Seeing no job opportunities in the future for Eric, I agreed. We borrowed my father-in-law’s twenty-four foot travel trailer and moved it down to the school. A mom of one of the students exchanged tuition fees for babysitting my kids during the day. Recess and lunch breaks, I exchanged students for my children. I was able to continue breastfeeding my baby, and spend a little bit of time each day with the kids. Shortly after I accepted the position, Eric was given a temporary job, and then another, and another.
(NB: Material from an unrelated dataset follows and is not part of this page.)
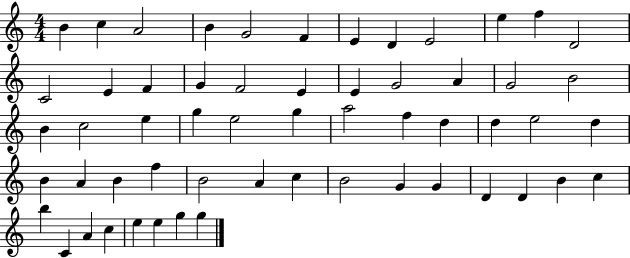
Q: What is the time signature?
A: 4/4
By December, my one month had stretched into three, and Eric was not around for the kids. He was planning on going on the shearing circuit that winter to Eastern Oregon and Washington. I gave my notice and said I needed to be with my family. We had exchanged the twenty-four foot travel trailer for eleven more feet in a thirty-five foot fifth wheel. With many mixed feelings I said goodbye to those students, several of whom I had taught how to read even though they were old enough to be in seventh grade. I had stuck out the extra months out of devotion to them. The students gave me going away gifts. The one I remember most was a bottle of Caress liquid soap, the white peach and orange blossom style.
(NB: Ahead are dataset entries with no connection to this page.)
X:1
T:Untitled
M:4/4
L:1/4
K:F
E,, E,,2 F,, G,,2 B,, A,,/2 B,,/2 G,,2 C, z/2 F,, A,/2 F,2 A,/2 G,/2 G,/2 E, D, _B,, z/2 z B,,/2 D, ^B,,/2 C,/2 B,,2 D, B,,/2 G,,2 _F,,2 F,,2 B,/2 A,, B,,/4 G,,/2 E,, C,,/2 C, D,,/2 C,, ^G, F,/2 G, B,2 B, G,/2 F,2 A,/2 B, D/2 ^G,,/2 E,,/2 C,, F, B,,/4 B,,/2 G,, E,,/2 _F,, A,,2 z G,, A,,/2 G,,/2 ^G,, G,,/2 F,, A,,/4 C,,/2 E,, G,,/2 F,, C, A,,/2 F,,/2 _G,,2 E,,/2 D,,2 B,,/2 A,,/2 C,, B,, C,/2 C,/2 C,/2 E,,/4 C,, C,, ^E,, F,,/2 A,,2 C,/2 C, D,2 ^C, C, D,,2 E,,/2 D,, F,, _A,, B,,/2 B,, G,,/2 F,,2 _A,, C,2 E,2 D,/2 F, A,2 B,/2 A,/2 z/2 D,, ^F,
The shearing circuit is an interesting culture. Each day we were up by 7:00 to fix breakfast in the small kitchen of the fifth wheel. By 7:45, Eric was out the door. I had time to clean up breakfast, then have a little calendar time with our now four year old and almost two year old. Then I spent the morning playing with the kids, reading books to them, and anything else to keep them busy. By noon, I had to have lunch on the table for when Eric walked in the door. At 12:30, he’d lay down for a short nap before heading back out to shear until 5:00. This routine would repeat itself until the sheep were shorn on that ranch. Then it was time to pack up the house, hook it up to the F150, and I’d follow along with at least two kids in the minivan. I memorized the back of the cream fifth wheel, the way the brown weave curtains swayed over the bumps, the idiosyncrasy of the lights, and the license plate.
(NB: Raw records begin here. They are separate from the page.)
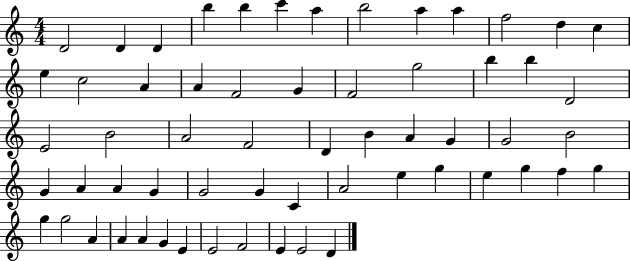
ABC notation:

X:1
T:Untitled
M:4/4
L:1/4
K:C
D2 D D b b c' a b2 a a f2 d c e c2 A A F2 G F2 g2 b b D2 E2 B2 A2 F2 D B A G G2 B2 G A A G G2 G C A2 e g e g f g g g2 A A A G E E2 F2 E E2 D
Some jobs were longer than others. Some only lasted two days, while others were a full week or two. Since this was Eastern Oregon and Washington in January and February, it was snowy and cold. A fifth wheel is not designed for extreme weather. Many times, we added towels and blankets to the walls covering the windows to keep the heat in.
By February, we moved to a ranch in Washington. Up until this time, the most showers were in the small shower with an equally tiny hot water heater. Time to myself was during nap time while I tried to be quiet on my bed while the others slept in the living room on their beds. So, when we arrived at this ranch and heard they had a shower for workers, it was a godsend–unlimited hot water in a grown-up shower.
So, one late afternoon, when all the workers were still busy with the sheep, I bundled up the kids, one in a car seat, and the other two in their warm jackets, and headed to the bathroom in the barn. I was greeted by warm, moist air. A large open area much like a locker room complete with a wooden bench sat in front of the shower area. I settled the kids on the bench and the baby in the car seat on the ground. I gave them their toys to play with and moved to the shower. What luxury to relax for just a bit, somewhat kid free, and feel like a lady. The smell of that Caress soap blended with the humidity of the air. To this day, it is my favorite soap, and when I smell it, I am transported back to those days.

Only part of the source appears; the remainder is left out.